Arbomex has over 30 years of experience in manufacturing precision cast products and tooling, such as crankshafts, wheel hubs, and its most successful product, camshafts. Arbomex’s plant in Tlalnepantla produces components for tooling production, supplied by Grupo Carborundum and Engine Power Components, while its Celaya facility makes precision cast products. Although it has been working since the 1970s, it was not until 2001 that it entered the automotive industry. This proved a wise move, as today, 80% of Arbomex’s total sales come from this industry.
However, finding the right customers at first was not as simple as knocking on doors and demonstrating products. Rodríguez, says he has to be very careful when deciding which potential customers and partners to approach. “They must fit a profile which will ensure a win-win deal for both parties. Joint ventures will play an important part in the growth of Arbomex for the near future, but we have to be cautious,” he says. Early on, Arbomex showed a penchant for an elite clientele as it approached only the leaders in the OEM market to convince them of the quality of its products and its processes. For Rodríguez, the strategy was simple: his company benefited from what he refers to as a Japanese work scheme, far different to most Mexican firms of Arbomex’s size. “This allowed us to focus on the twin aims of constantly seeking to innovate while reducing costs and making the business more efficient,” says Rodríguez.

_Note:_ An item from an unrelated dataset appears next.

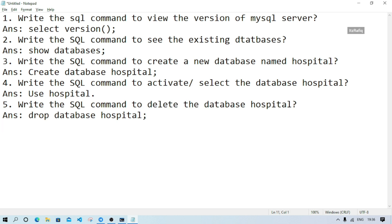These five questions are related to creation of databases, and I can guarantee at least one question will come in the examination. Remember, hospital is just an example - whatever database name is given in the question, use that word instead. Now we move to the next part of the chapter: creation of tables. Tables are known as the building blocks of a database, and we create a table using the CREATE TABLE command. For a two-mark question, you can elaborate the answer from your book.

This attitude seems to have struck a chord with the market, given Arbomex’s solid market share with OEMs and in the aftermarket. “When Arbomex needed to diversify its business line and increase its inclusion in the aftermarket, Chrysler seemed to be the perfect match. The collaboration between the two companies began with a two-year project to provide V8 camshafts for Chrysler engines. This proved to be a huge challenge but we already had experience in the production of camshafts and were able to deliver. Arbomex was even able to reduce maintenance costs on these engines by 30% without affecting the quality of the final product,” explains Rodríguez. “The demand for ductile iron camshafts is increasing. The process that we have developed for these has resulted in added value for the Arbomex brand, since assembled camshafts are 30% more expensive than iron camshafts. The company is investing in a small camshaft assembly line, allowing Arbomex to cover all three types of camshafts: ductile irons, chill iron, and assembled.”
Rodríguez is aware of the company’s dependence on Chrysler, and would be happy to see this reduce to around 50% if such a move increased overall sales. “Arbomex is targeting new clients. We recently travelled to Germany to visit BMW and have been working hard to get in with them,” he comments.